WORK REQUIRED :: Transcribe each record word for word. Skip the images.

MATERIAL FOR THE TASK ::
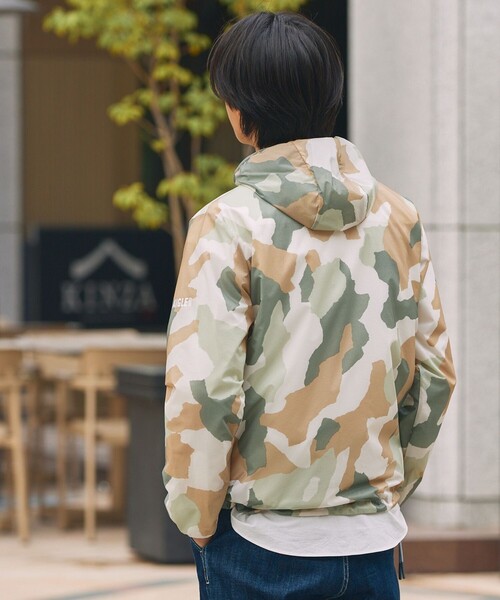 AIGLE（エーグル） ナイロンジャケット 超軽量 撥水 プリント
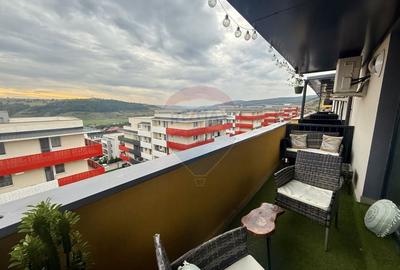 Apartament cu 3 camere,balcon si priveliste superba, Baciu,COMISION 0% - 1
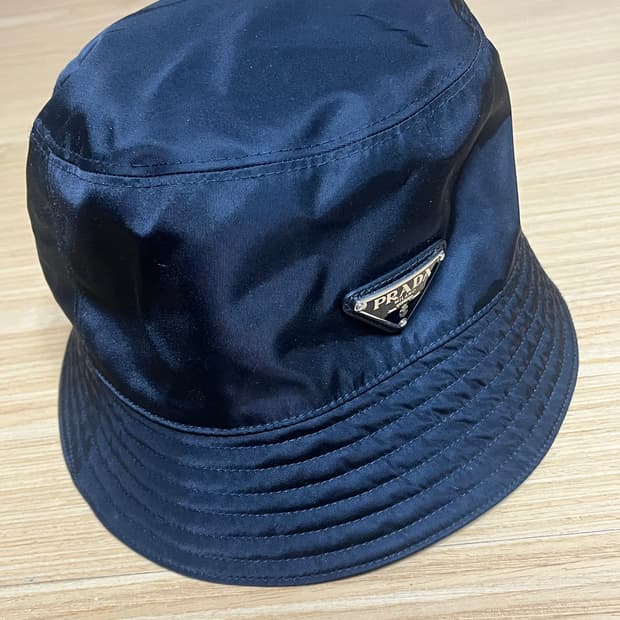 프라다 리나일론 버킷햇 L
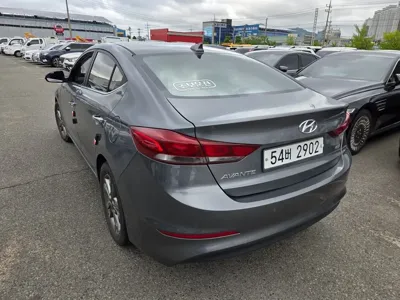 Hyundai Avante 2016, 84114 км, за 5194.04 USD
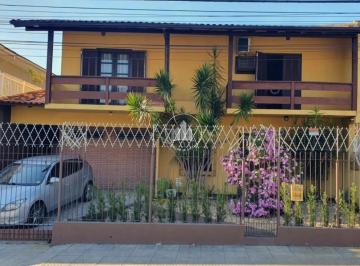Casa · 164m² · 4 Quartos · 2 Vagas · Casa com 4 quartos sendo 2 suítes no Jardim Atlântico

YOUR SOLUTION ::
 AIGLE（エーグル） ナイロンジャケット 超軽量 撥水 プリント
 Apartament cu 3 camere,balcon si priveliste superba, Baciu,COMISION 0% - 1
 프라다 리나일론 버킷햇 L
 Hyundai Avante 2016, 84114 км, за 5194.04 USD
Casa · 164m² · 4 Quartos · 2 Vagas · Casa com 4 quartos sendo 2 suítes no Jardim Atlântico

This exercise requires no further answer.